JOINT BASE LANGLEY-EUSTIS, Va --
Three generations of Lundins gathered at the National World War II Memorial May 24 to celebrate the military service of family members, past and present.
It all began when First Lt. Nicholas Lundin, 480th Intelligence, Reconnaissance and Surveillance Wing chief of current operations, was planning his promotion ceremony. He learned early in the process that his grandfather was going to be in Washington D.C. as part of an Honor Flight at the same time as his promotion.
“Luckily, the timing matched up so that instead of just getting up and knocking out a ceremony, it was something worthwhile,” the younger Lundin said. “It was a great overall experience for everybody involved.”
Lundin’s grandfather served in the Pacific for the U.S. Navy during World War II and was selected to travel to the nation’s Capital through an Honor Flight program in Northeast Indiana. The program affords WWII veterans the opportunity to fly for free to visit and reflect at their respective memorial.
This was the elder Lundin’s first time visiting the World War II monument, and he said it was the perfect backdrop for his grandson’s promotion ceremony.
“I’m happy to be here and help pin on his bars,” said Ray Lundin. “I really felt honored to be here and proud of his accomplishments.”
During the honor flight, veterans are accompanied by "Guardian" volunteers who fly with them and escort them throughout the trip, which is a role Nicholas’ dad was honored to fulfill.

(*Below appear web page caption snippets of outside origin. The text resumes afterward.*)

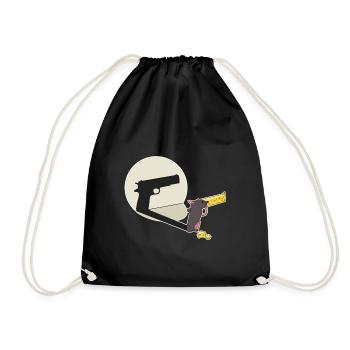 Schattenspiel Ratte Pistole Waffe lustig Geschenk - Turnbeutel - Schwarz - Vorne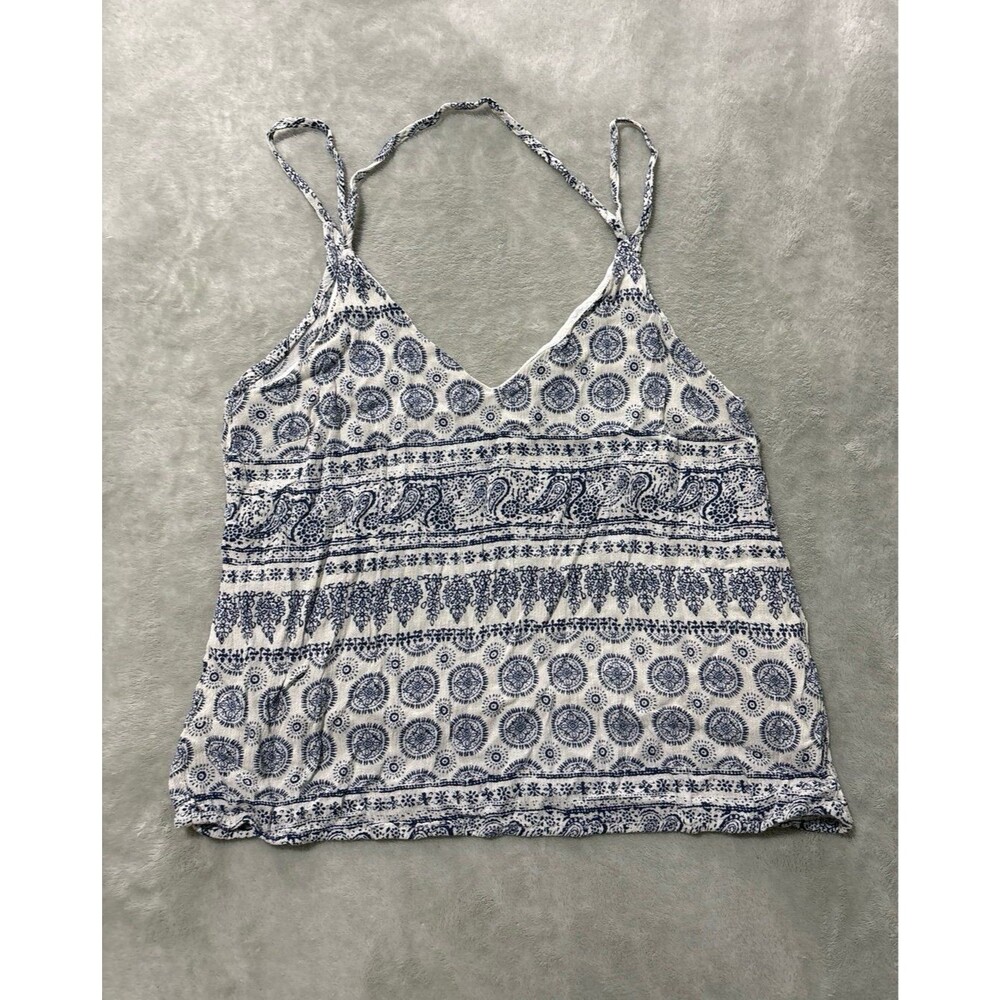 Womens tank top white blue paisley spaghetti strap Y2K millennial vneck teens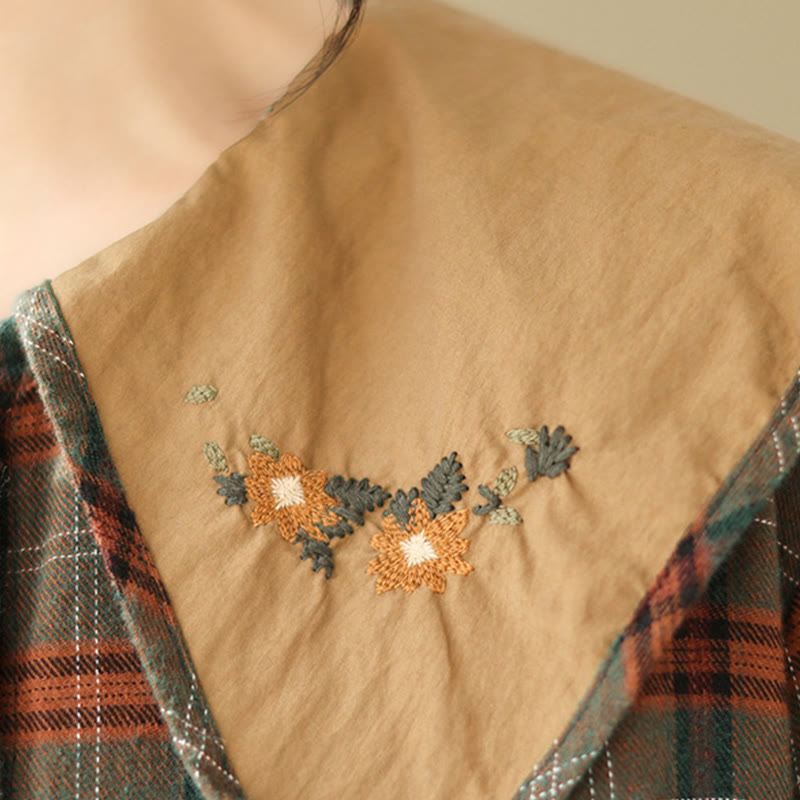 Nimara Ritual Embroidered Plaid Pattern Cotton Women's Shirt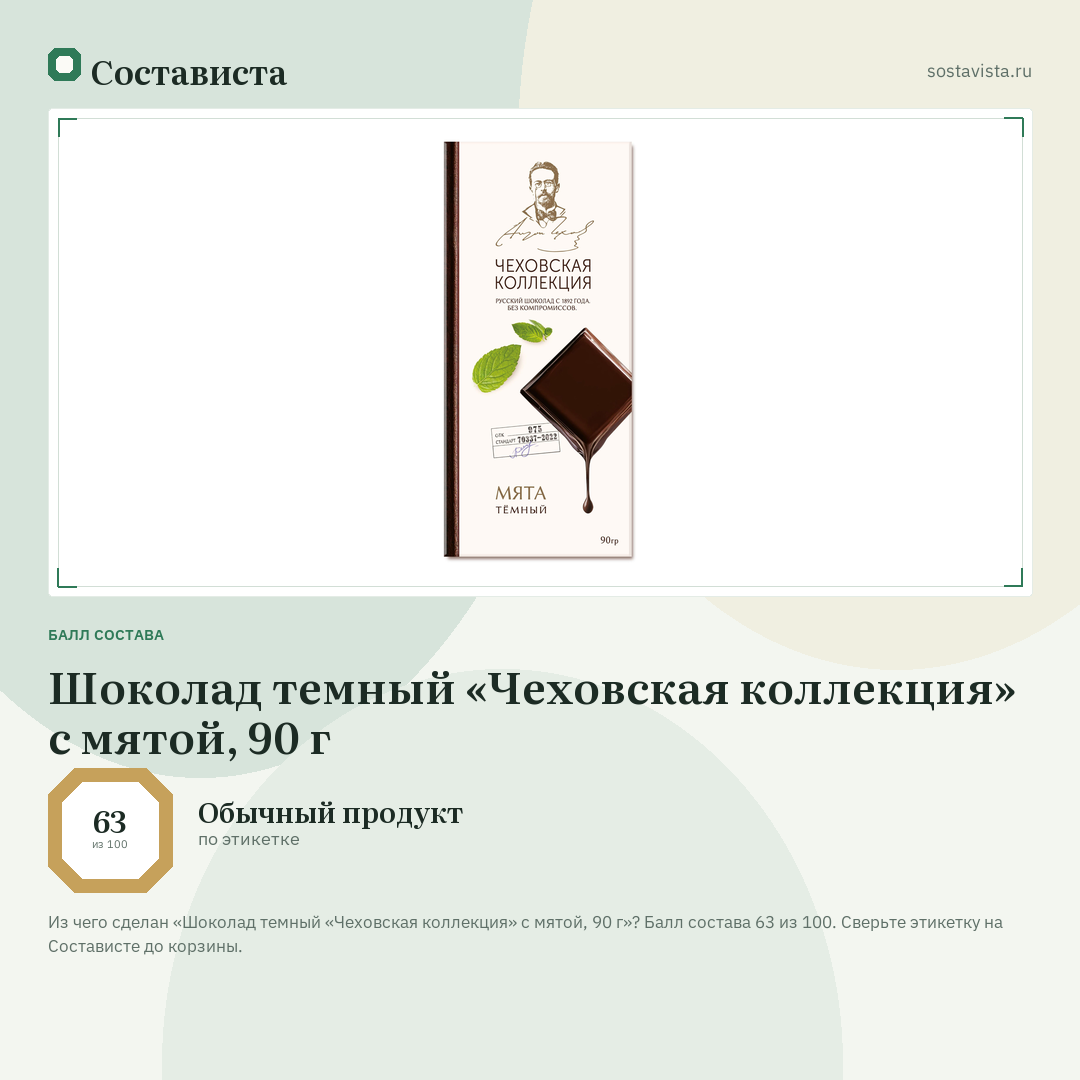 Шоколад темный «Чеховская коллекция» с мятой, 90 г: балл состава 63 из 100 — Состависта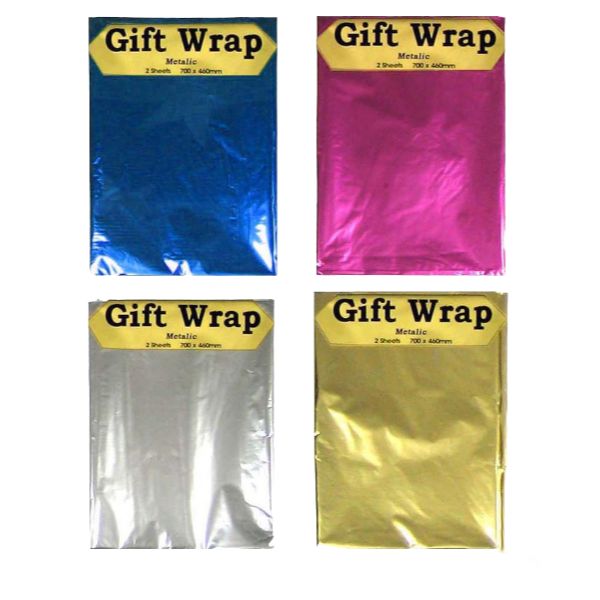 2 Sheets Metallic Gift Wraps - 70cm x 46cm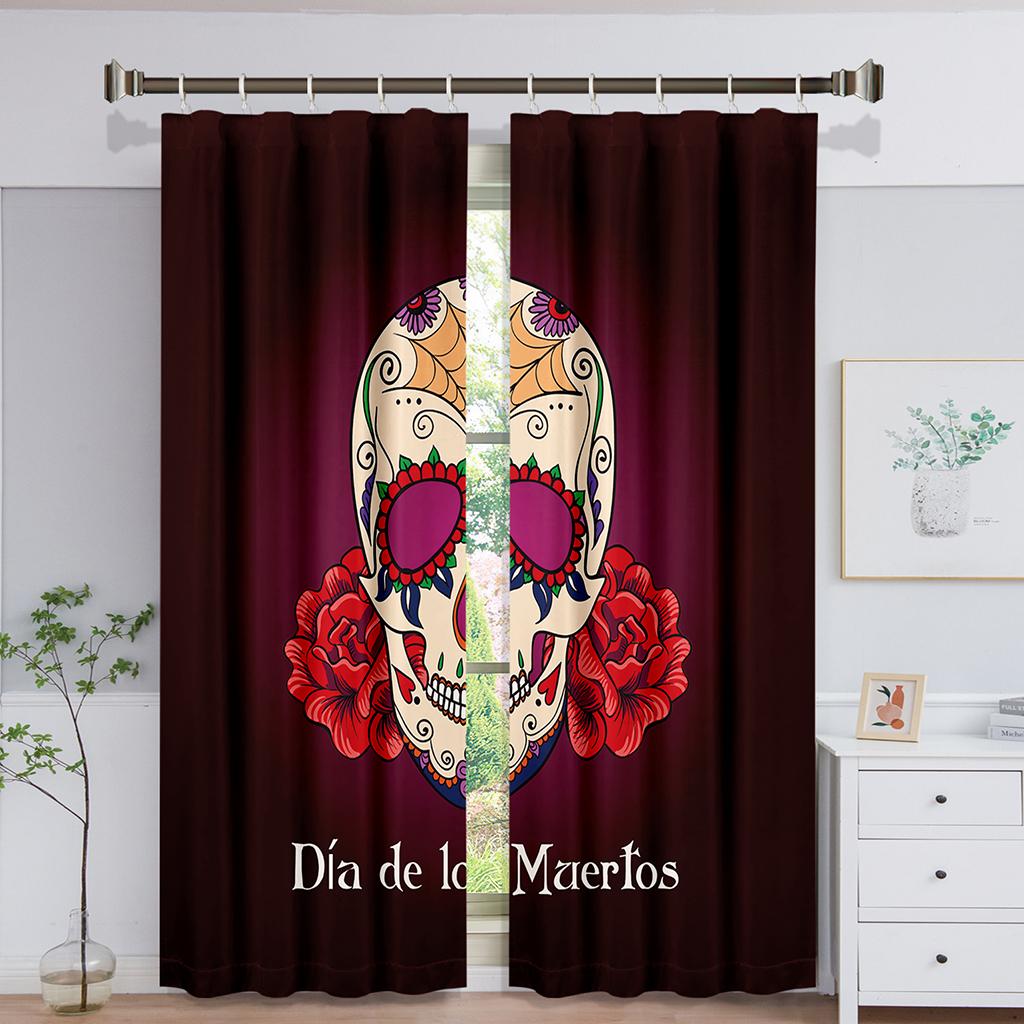 Fertige Luxus Totenkopf Sonnenschutz Dünne Fenstervorhänge Für Kinder Schlafzimmer Wohnzimmer Badezimmer Küche Tür Flur Heimdekor 2 Stück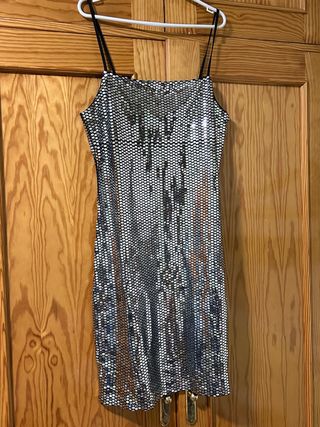 Vestido Sfera lentejuelas plateado
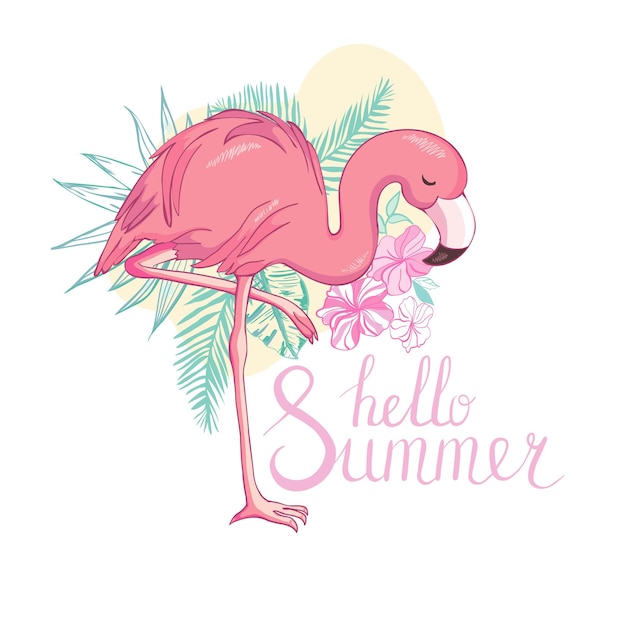 Дизайн иллюстрации птицы фламинго на заднем плане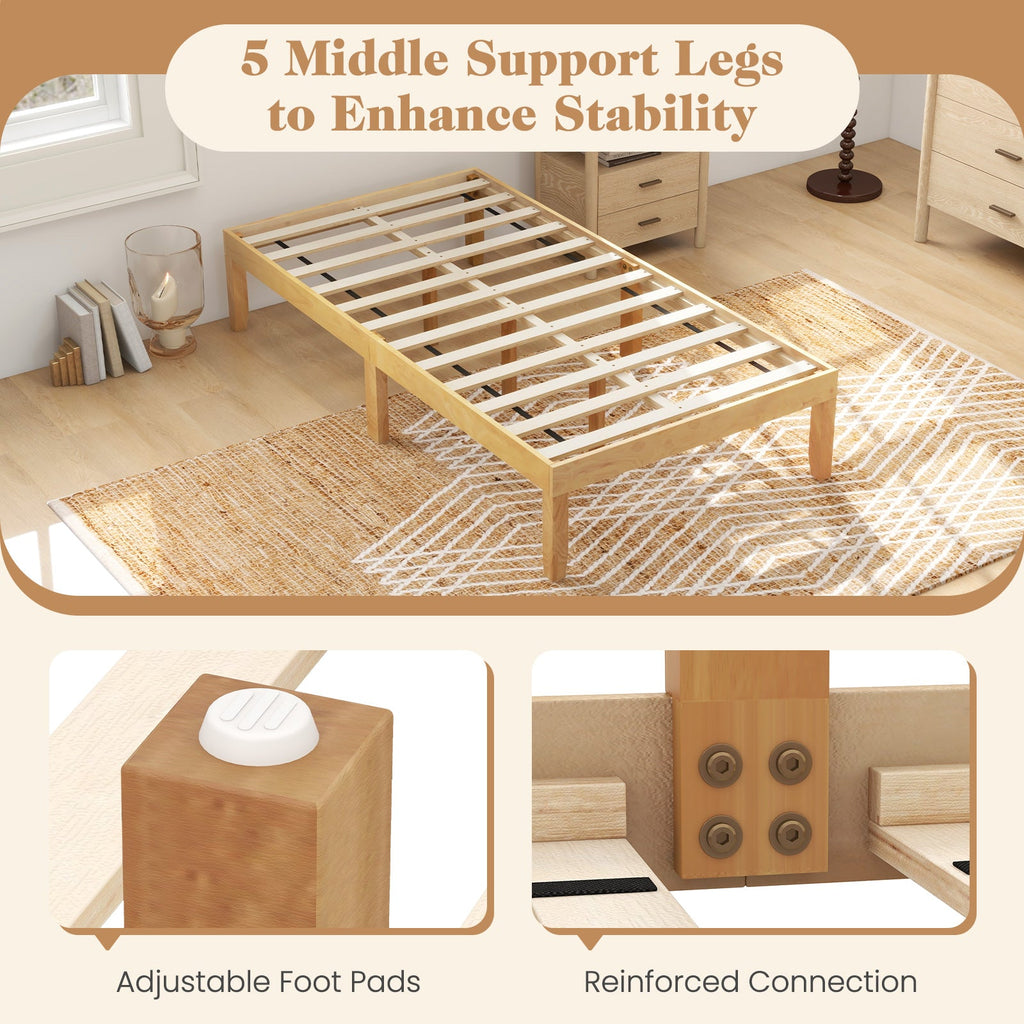 14 Inch Twin Wood Platform Bed Frame with Wooden Slats Support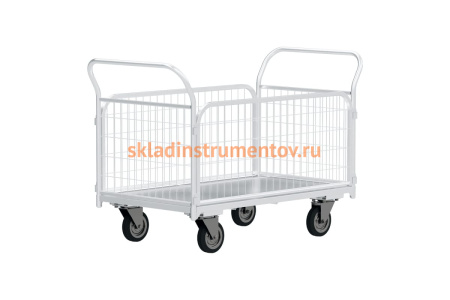 Тележка RUSKLAD платформенная с сетчатыми бортами, оцинкованная ТС Ц 5 (710х1210х200) d160мм Тележка RUSKLAD платформенная с сетчатыми бортами, оцинкованная ТС Ц 5 (710х1210х200) d160мм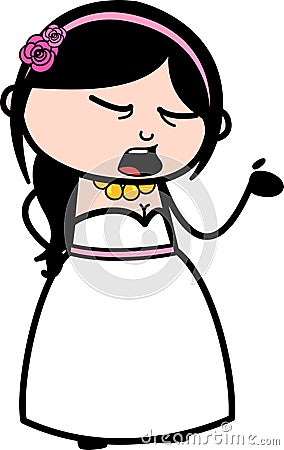 Bride Talking Unamused Face Cartoon Stock Photo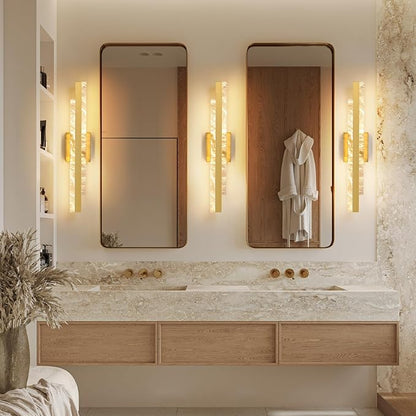 Modern Bathroom Vanity Light: Brushed Gold 24 inch 28W Dimmable LED Bath Bar Light Fixtures Over Mirror - Wall Sconce Picture Lights for Paintings Cabinets Bedroom 3000k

“I really have been looking forward to this, both my dad and I have really been talking about this for the last month and a half,” said Michael Lundin. “I’ve learned more about what his military career entailed of, and this opportunity helped draw all of that out. To come here and see my son… I’m certainly proud of him and what he’s accomplished, along with my dad.”
The officer presiding over Lundin’s promotion ceremony was honored to be a part of the significant, family event.
“When someone asks you to be a part of this and recognize the transition in service… it is a huge honor,” said Lt. Col. Brian Webster, noting the significance of being at the World War II memorial in conjunction with Lundin’s grandfather’s Honor flight.
“I’m really honored that Nick asked me to be a part of this,” he said.
Underneath the Pacific portion of the World War II monument, 1st Lt. Nicholas Lundin’s new rank was pinned on by his father and grandfather. A crowd of veterans and guardians watched the ceremony and came up afterward to congratulation the new captain.